The difference is, a business with independent contractors may have workers more committed to getting the job done quickly and efficiently. That’s because contractors are frequently paid on a per-project basis; rather than being paid the same salary, regardless of how much work they do, they’ll be paid based on how much they get done. This provides more opportunities for higher pay for employees, and practically guarantees that more work will get done, making independent contractors a win-win for employers and employees alike.
The Benefits Problem
However, incentives to work aren’t the only factor worth considering. In most independent contractor relationships, contractors aren’t compensated with long-term benefits like health insurance or retirement programs. This saves the employer money but puts an additional burden on workers. This arrangement also puts more stress on workers, especially if they don’t feel like their position is secure. Ultimately, this can be counterproductive to a healthy, thriving economic environment.
Entrepreneurship, Flexibility, and Control
It’s also important to consider the perks of entrepreneurship, flexibility, and control for independent contractors. Rather than committing to a strict schedule or 40 hours a week, contractors have more control over their schedules and commitments.
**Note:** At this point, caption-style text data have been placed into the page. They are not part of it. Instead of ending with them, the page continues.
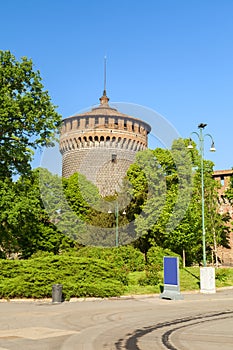 Sforza castle detail in the city of milan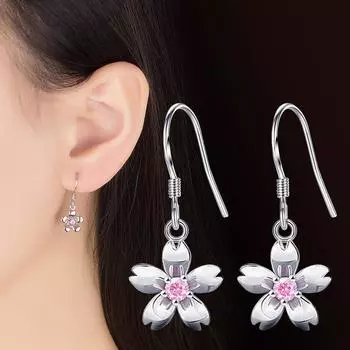 Серьги Miles Peach Blossom Creative Roses, милые женские серьги с розовыми бриллиантами и серебряным покрытием, женские серьги-кольца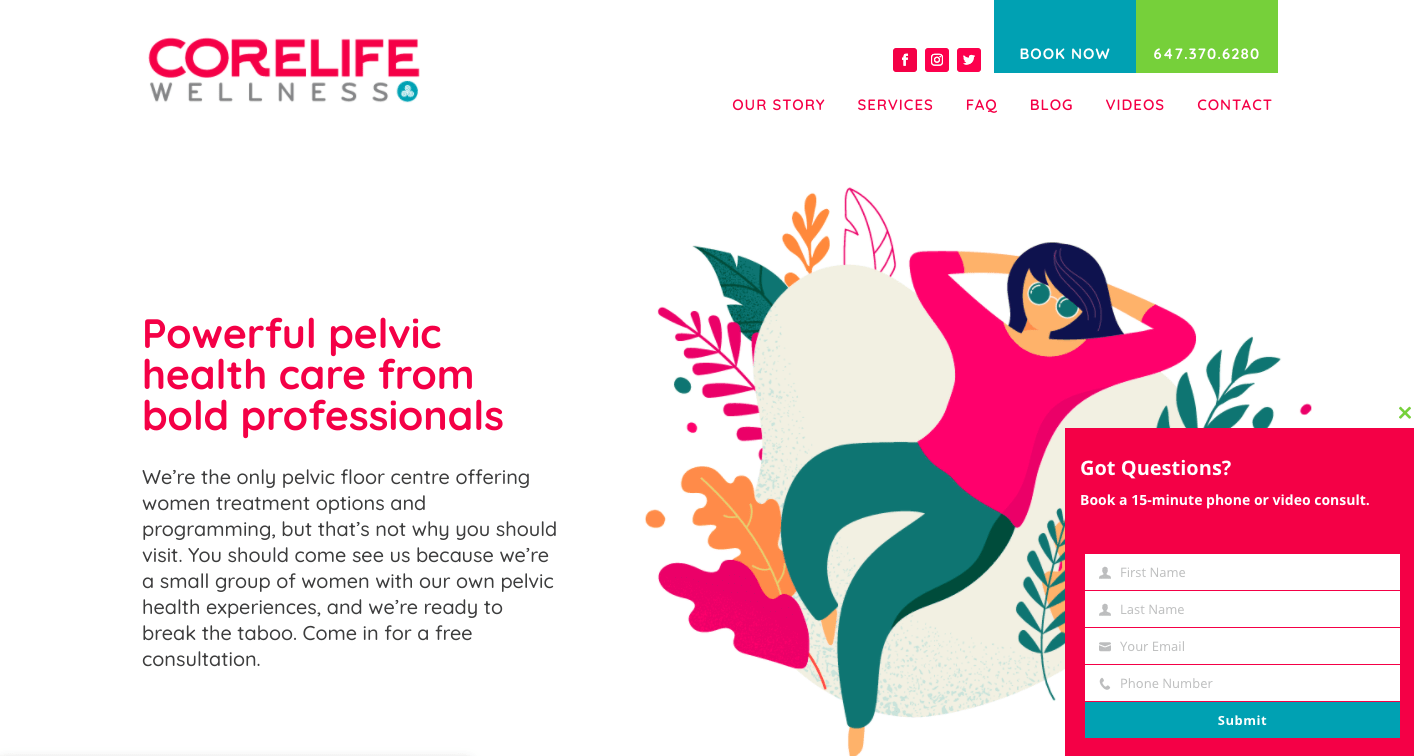 Corelife Wellness website homepage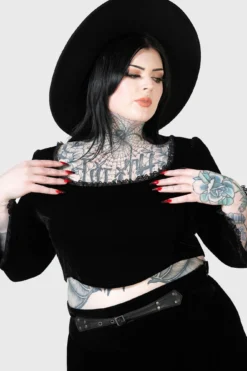 KILLSTAR Harietta Long Sleeve Velvet Top - Plus Size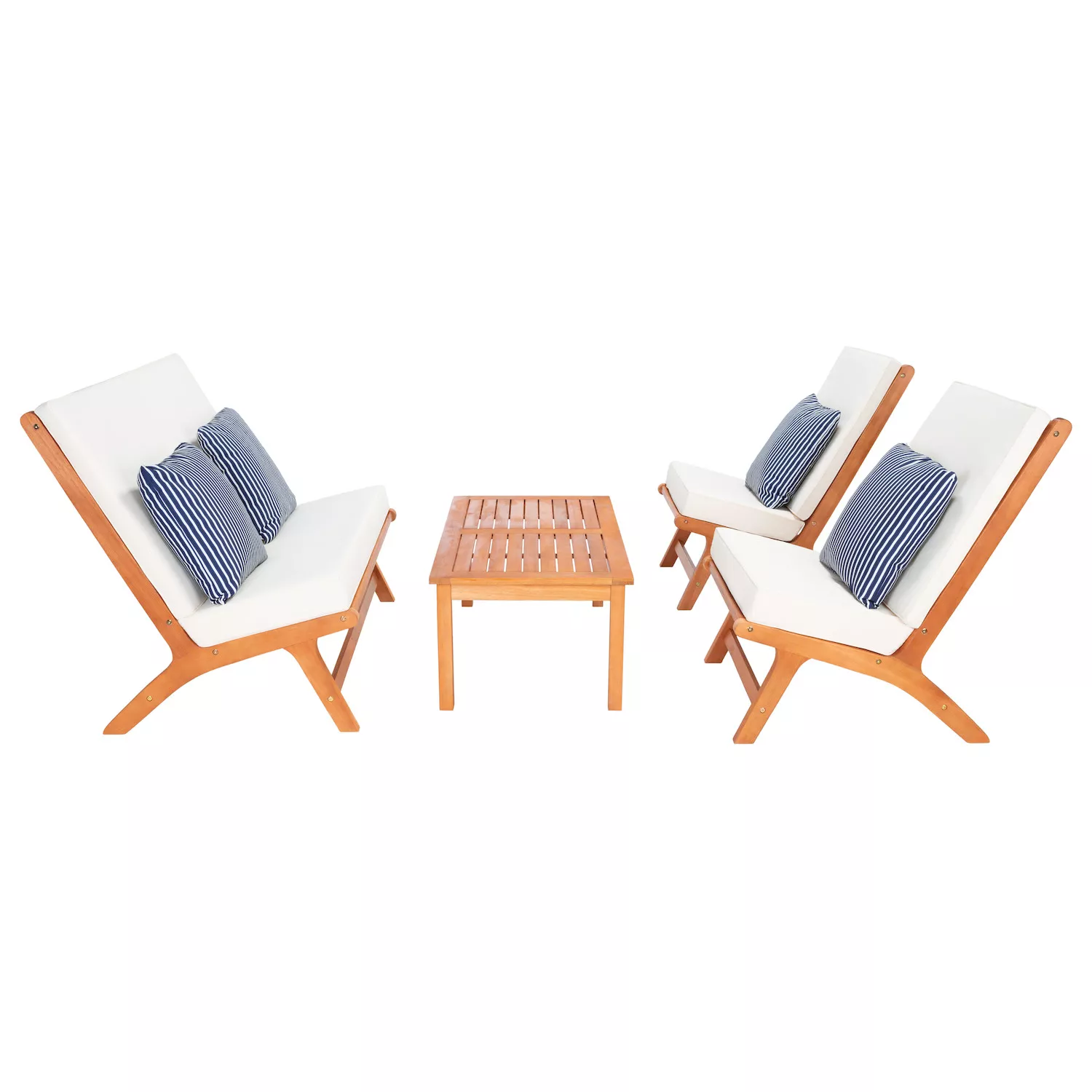 Safavieh Chaston Outdoor Loveseat， Chair and Coffee Table 4-piece Set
For example, ridesharing services like Uber and Lyft allow their drivers to set their own schedules and drive as little or as much as they want. The lack of benefits and consistency may be problematic for someone seeking stability in a long-term career, but for a new parent who just wants a bit of extra cash on the side, it’s the perfect opportunity.
In this specific area, it seems the best force for long-term economic development is a combination of full-time, part-time, and flexible contracting opportunities. That way, the greatest number of people are able to contribute the greatest amount of productive work, and earn compensation in line with their contributions.
Pay and Negotiation
It’s hard to discuss the pay element for independent contractors, in part because contractors in different industries are going to earn wildly different rates. Contractors definitely have less negotiating power with a single employer, but this is balanced by the fact that they can easily have a working relationship with multiple employers; if an employer develops a reputation for treating or paying its workers unfairly, those workers will leave and find a different opportunity.
Contractors getting paid less can have both a positive and negative effect on the economy. Workers with less money will be spending less in the economy, but the fact that low-pay positions are available means more people will have the opportunity to start businesses for less initial capital. In other words, while some workers will be participating less actively in the economy, more entrepreneurs will be incentivized to create new jobs and new market opportunities. It’s uncertain whether these effects could balance each other out, or if one will be more impactful than the other.
The Bottom Line
Almost every point of independent contractors is balanced with both advantages and disadvantages for the economy—almost purely hypothetical ones, since we don’t have much long-term data to work with to form our conclusions. Even if we had more data on how independent contractors function in a largely gig-based economy, it would be hard to form a definitive conclusion. The most educated and experienced economists in the world still understand relatively little about how economic growth manifests, and that’s due to the fact that the economy is an enormously complex system, with built-in mechanisms to sustain itself.
If contractors are good for the economy, there will naturally be more opportunities for them to flourish and drive economic growth, and if they’re bad for the economy, they’ll gradually subside. Like most economic problems, it’s just going to work itself out in time.